Pressure readings in formation testers are adversely affected in "supercharged regions," FIG. 1B. In a supercharged region, the mudcake fails to adequately hold the drilling fluid in the wellbore, and the drilling fluid penetrates the formation creating an "invaded zone." In the invaded zone, the fluid pressure is increased. The effect of supercharging on the operation of a formation pressure tester is illustrated by the curve 305 in FIG. 3. With supercharging, the pressures detected by the formation tester is initially higher (301) than without supercharging (302). During drawdown, as the pretest piston 218 retracts, the pressure rapidly decreases (302), but normalizes at a level greater than the non-supercharged formation pressure (308). When the pretest piston 218 stops, fluid pressure rapidly builds up again (309), and pressure increases and eventually normalizes to a value corresponding to the supercharged formation pressure. When the formation pressure testing tool is disengaged from the wellbore, the detected formation pressure rises again (311).

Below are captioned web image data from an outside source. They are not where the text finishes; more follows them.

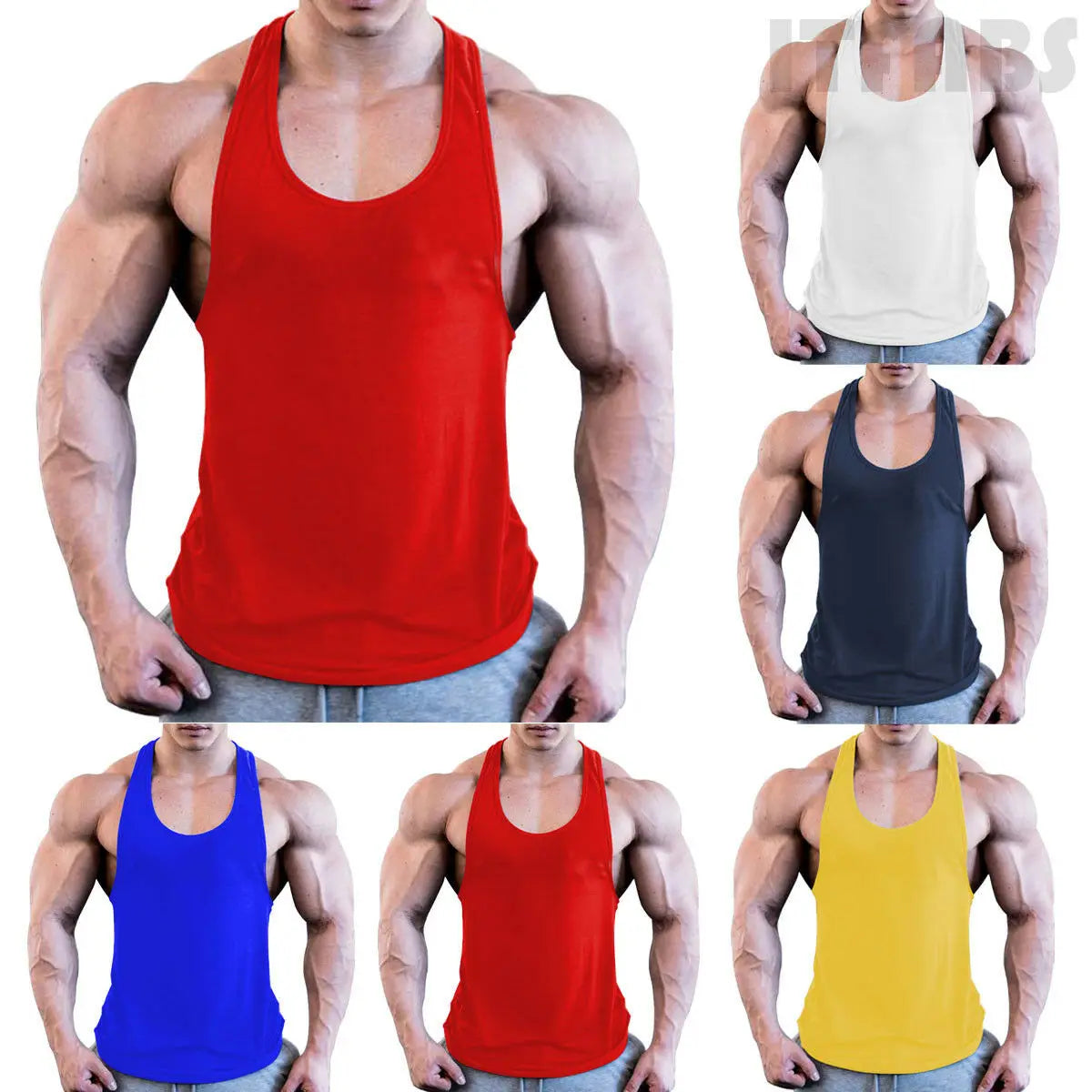 Mens Bodybuilding Stringer Tank Top Y-Back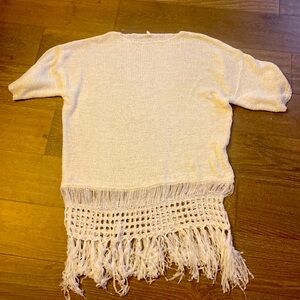 NWOT Anthropologie Moth Cream Light Knit Tunic Coverup Embroidered Fringe S 4 6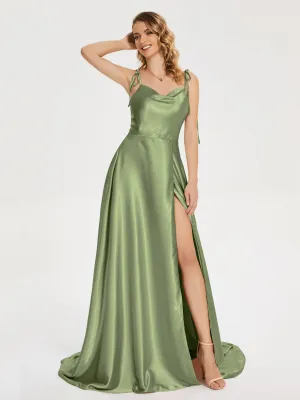 Kamila Cowl Court Train Soft Satin Dresses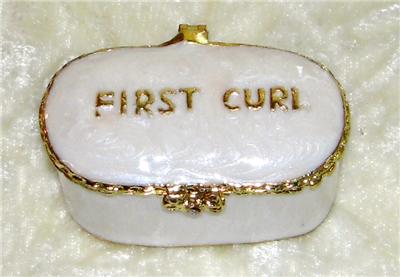 Baby Boy or Girl First Curl White Ceramic Keepsake Box
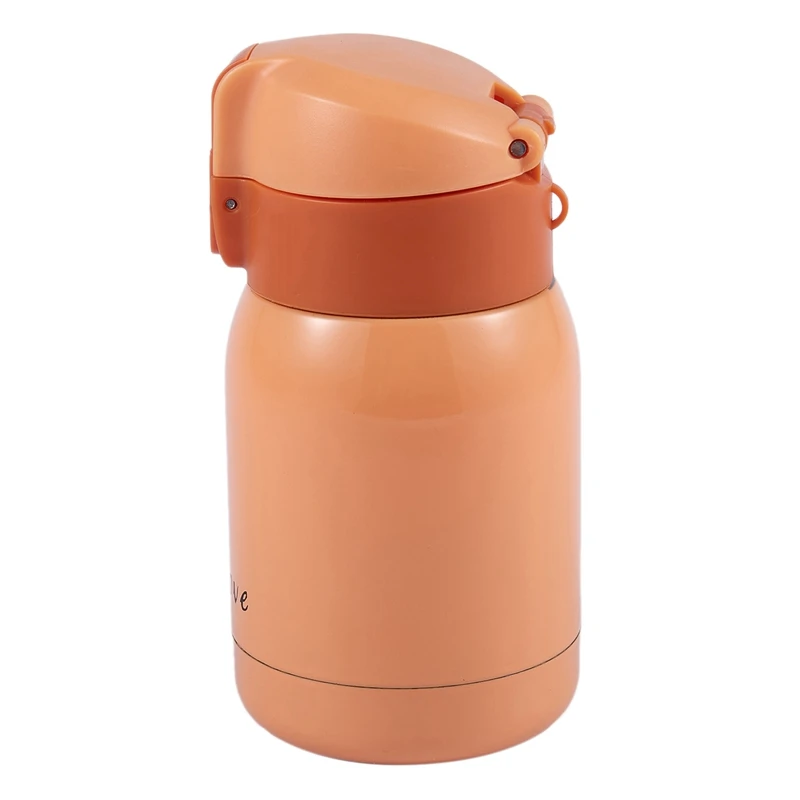 2pcs Mini Stainless Steel Big Belly Thermos Bottle- Rose 280Ml& Orange 200Ml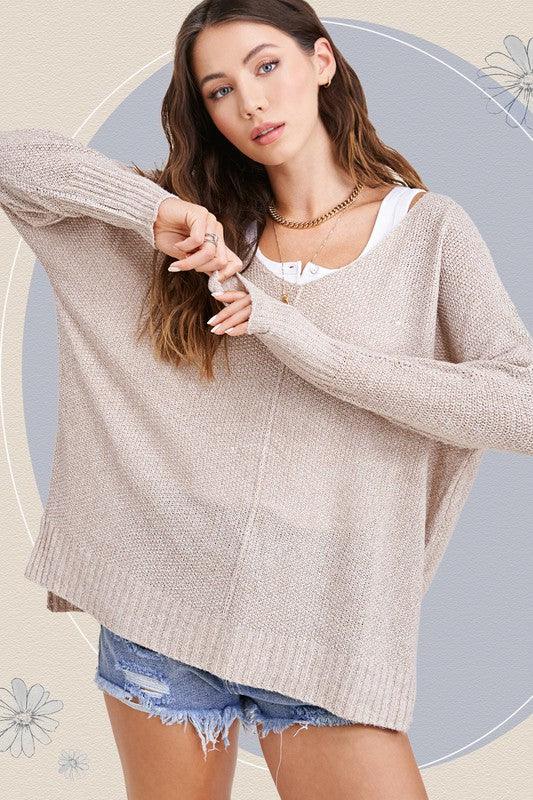 La Miel Relaxed Fit Side Slit Sweater TAUPE L Sweaters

Pressure measurements may also be adversely affected if the mudcake permeability is nearly the same as the permeability of the zone. The sandface pressure measured by the formation pressure will approach hydrostatic pressure. Under these conditions, the mud filtrate is not inhibited from invading the formation. This is particularly true in low permeability zones where the sealing influence of the mudcake is small. In low permeability formation, flow into the probe can be very slow during a buildup test. If the mudcake has little sealing quality, mud filtrate ca seep through the mudcake into the formation at a rate comparable to that of the rate being drawn into the tester probe 212. FIG. 4 shows how mud filtrate flows into the formation and is diverted to production into the probe 212. This communication with the wellbore can produce an additional supercharge effect on the pressure buildup, making permeability and initial sand face pressure estimates difficult.

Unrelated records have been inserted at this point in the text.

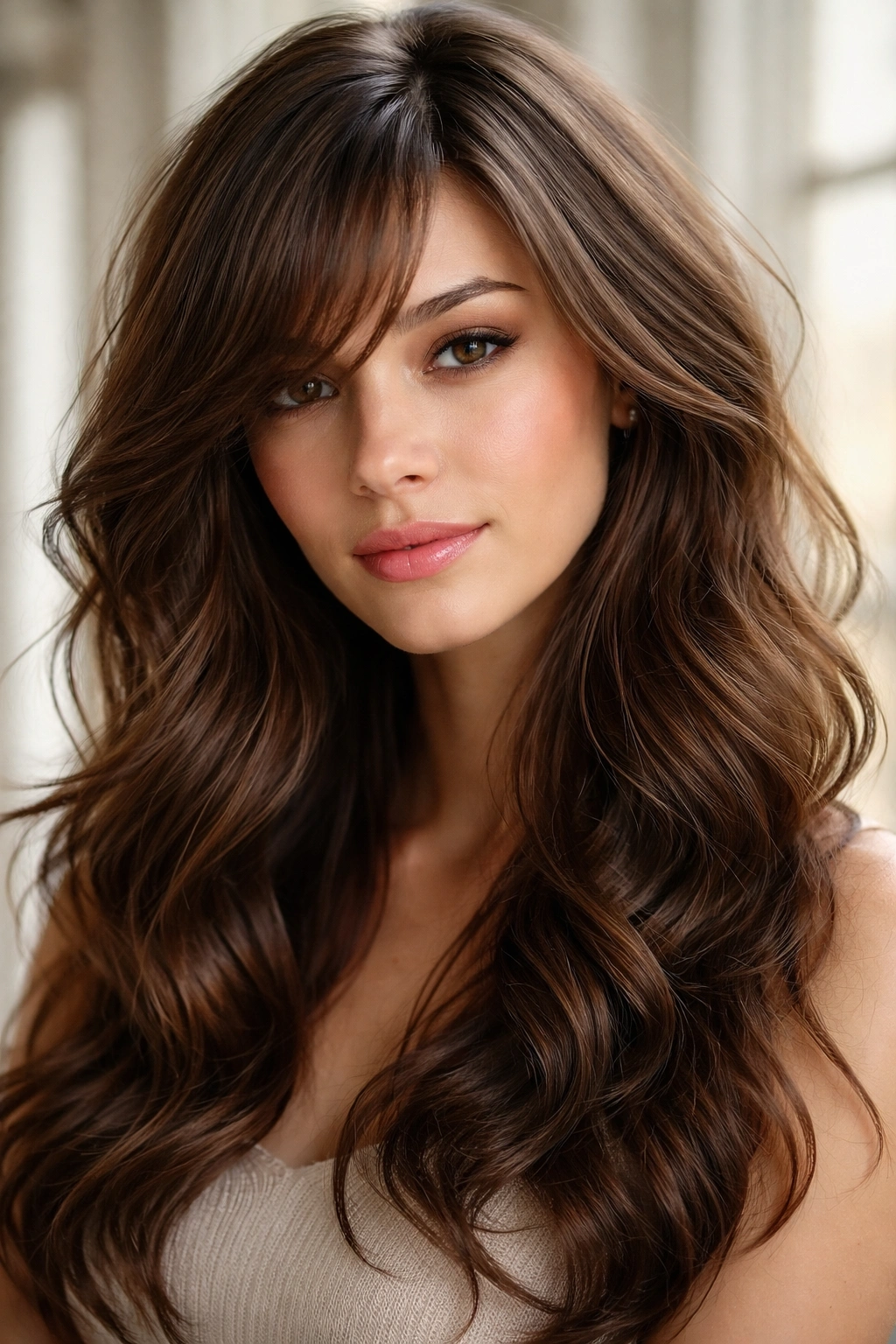 Diagonal wispy bangs sweeping across a face with thick wavy hair
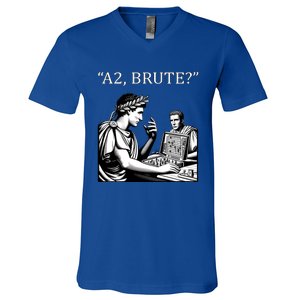 Caesar And Brutus Board Game Meme Funny History Gift V-Neck T-Shirt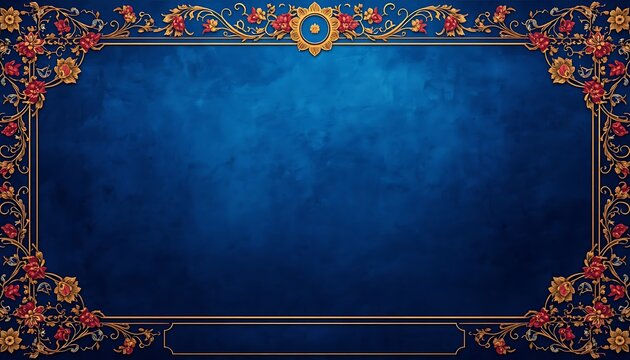 Persian Royal Blue Floral Ornate Border Frame with Gold Accents &mdash; Cultural Heritage YouTube Thumbnail Frame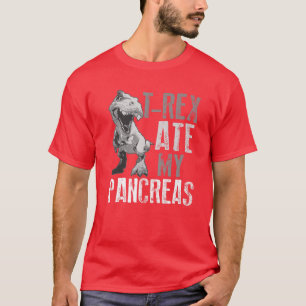 Rex Ate My Pancreas Diabetes Dinosaur Lovers Gif T-shirt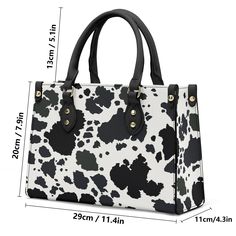 Grab the hottest fashion statement of the season with this Moo-licious Cow Print Luxury Tote Handbag! Perfect for giving your everyday look a sweet and sassy twist, this bag is sure to turn heads. It's made from a high-quality, durable material that will keep your belongings safe and secure making it as functional as it is fashionable. Moo-ve over handbags, this moo-tastic tote can't be beat! Features: . 100% high-grade vegan leather . Polyester lining w/ 2 internal pockets . Reinforced handles Chic Double Handle Bag For Gift, Chic Bag With Handles As Gift, Trendy Double Handle Box Bag For Gift, Trendy Double Handle Box Bag Gift, Chic Double Handle Satchel As Gift, Chic White Satchel As Gift, Trendy Double Handle Satchel As Gift, Chic Box Bag As Gift, Chic Box Bag With Handles For Gifts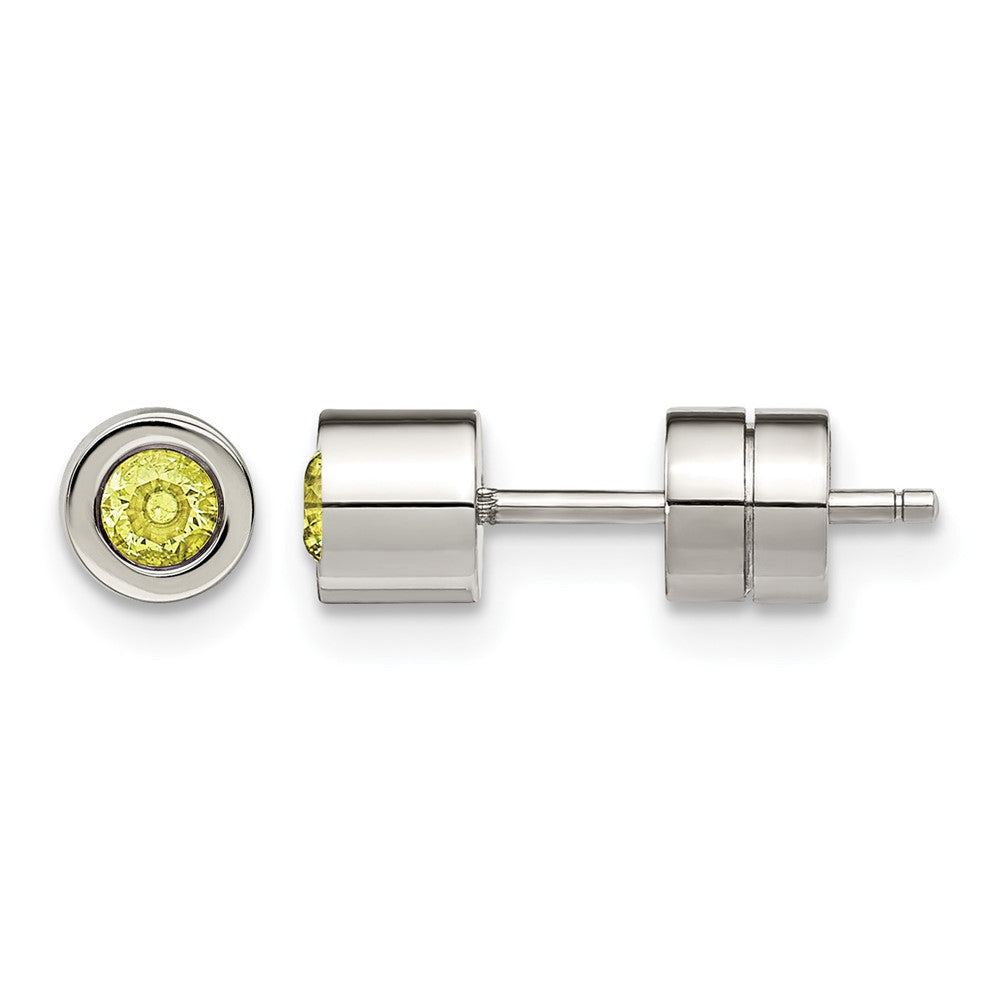 Chisel Stainless Steel Polished Green CZ August Birthstone Post Earrings, 5.5 x 5.5 mm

There are two mechanisms that cause the flow of formation fluid into the probe 212 in the buildup state. First, the compressibility of the fluid in the formation 222 creates a pressure differential between the probe 212 and the formation pressure. The second mechanism is the compressibility of the fluid in the flow line 219 in contact with the probe 212. This fluid is decompressed, creating an additional pressure differential between the probe 212 and the formation 222. However, many conventional analysis techniques ignore these mechanisms, assuming that the wellbore pressure is isolated from the formation near the probe and that little or no fluid flows across the mudcake. As discussed above, fluid flow across the wellbore boundary may be significant due to the permeability of the mudcake, and such flow may be especially acute in supercharged regions. Therefore, known methods for measuring formation pressure are not as accurate as some people would like, especially when applied in supercharged regions.
Several known methods are utilized to compensate for the distorting effect of supercharging by measuring formation pressure at various depths and by making estimations based on deviations from a linear pressure relationship. Although this approach might be adequate for some applications, it is limited because it fails to actually quantify the effect of supercharging, and therefore lacks the level of accuracy some people require. These problems associated with supercharging effects, flowline and mudcake invasion severely limit the effectiveness of formation testing in tight zones.